Thursday, May 5, 1898

Quarter of the Nightwatch

Tonight, in the mess hall, they are honoring the Spanish pilot. We drink a toast to honor Spain and encourage him to talk. He is a rather straightforward, enthusiastic, and exuberant fellow. Like many of his countrymen, he is a caricature of Don Quixote de la Mancha who gradually takes on the role of Sancho as he goes along. But a Don Quixote who does not look emaciated and is lacking in humor bores me.

This highly spirited man is not a fool, and yet he insists that one Spaniard is worth three Americans. He does not doubt that Spain will eventually triumph.

This captain does not take this week’s battle too seriously; nonetheless, it makes him indignant toward the Americans. He believes that the reinforcement sent by Spain is already on its way here and that the Yankees cannot win against the sons of El Cid. When asked if an American is the equivalent of one Tagal in battle, he retorts that the Yankees are mere pork merchants, telegraph employees, clerks, mechanics, who should remain in their factories, behind their counters, on in their stables. “I can say, emphatically, that the Yankees are nothing but merchants.”

. . . I am alone. What basically motivates the French in this war? A Frenchman will never admit that Spain had a right to act as she did 300 years ago in Cuba, in the Philippines, and in Spain itself. The long war between the French and the Spanish has taught one to honor the bravura of the other, but the national spirit of Spain has always profoundly rejected that of France.

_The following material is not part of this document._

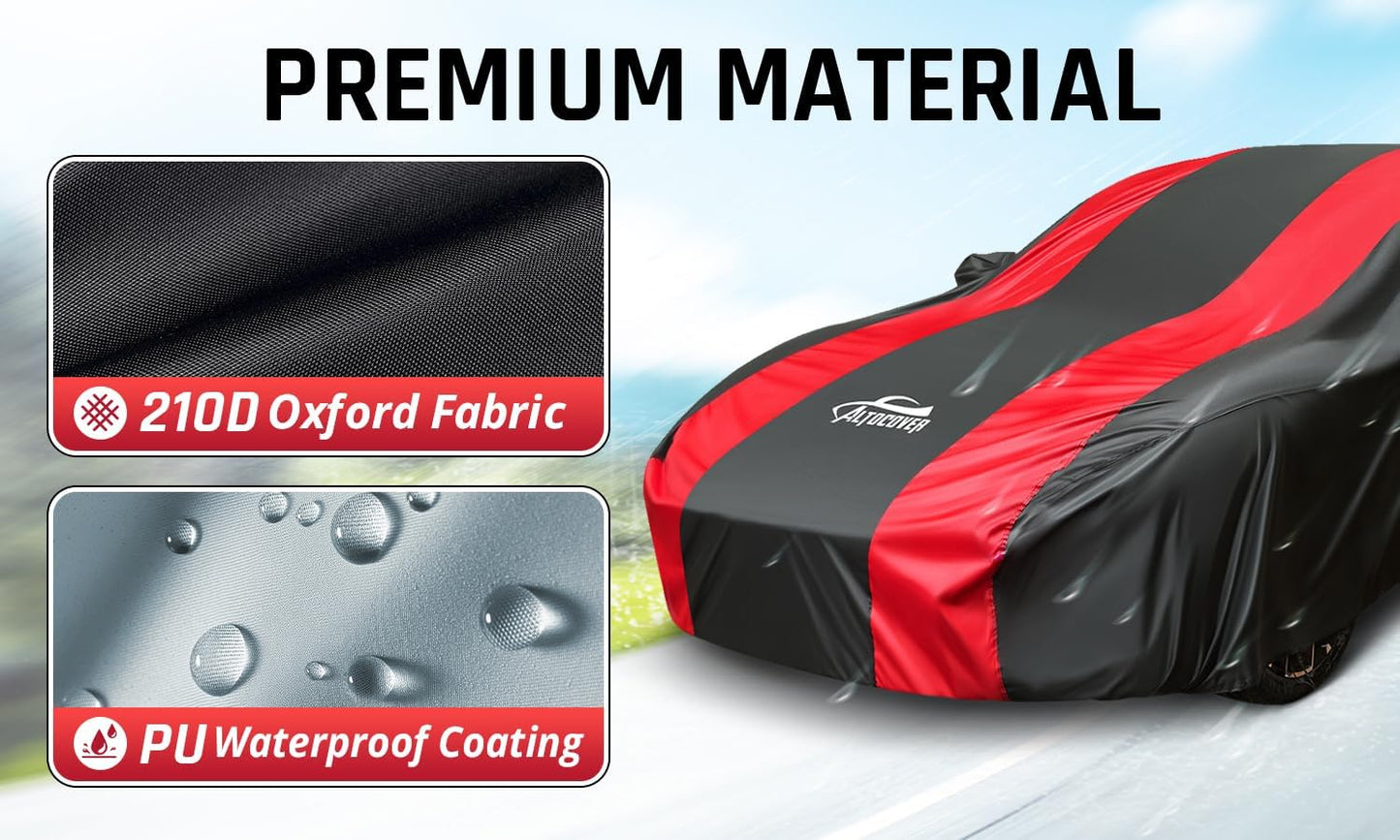 Car Cover Waterproof All Weather Protection with Red Stripe Design, Universal Fit Ford Mustang, Chevrolet Camaro, Toyota Camry, Honda Accord Civic, Nissan Altima,Tesla Model 3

During the time of the League, a Parisian bourgeois looked at Spain in the same manner as we do today. Weyler and Polavieja follow the Duc de Alba’s way of thinking. Tradition is constant. If there is one country in the world where revolution could never be possible, it would be Spain. Therefore, this explains everything, and the true communion of thought is not possible between the two peoples. Eighty years ago, our experience pointed clearly to this fact.

But on the other hand, never will a a Frenchman admit that the pretext to fight for an ideal is reason enough to conquer. And this is why the Americans have deeply offended us. They invoke our principle only to trample on it later. This is the most painful blow that can be delivered on France. We pretend that the Americans will not retain the occupied territories, but how can we be sure? While waiting for the opportunities to keep them, they are holding on. Why are they sending troops to the Philippines? If they are waging a noble war for the freedom of the Cubans, let them confine that war to Cuba alone. Or else, this war is being fought primarily against Spain and not against Cuba.

We are the defeated. But, maybe, something more important than victory is being dragged down with us: civil rights. It is an outrage that the victor who upholds this same principle should grant himself these islands as his prize.

As long as victory is not ours, it is difficult to acknowledge the victory of others.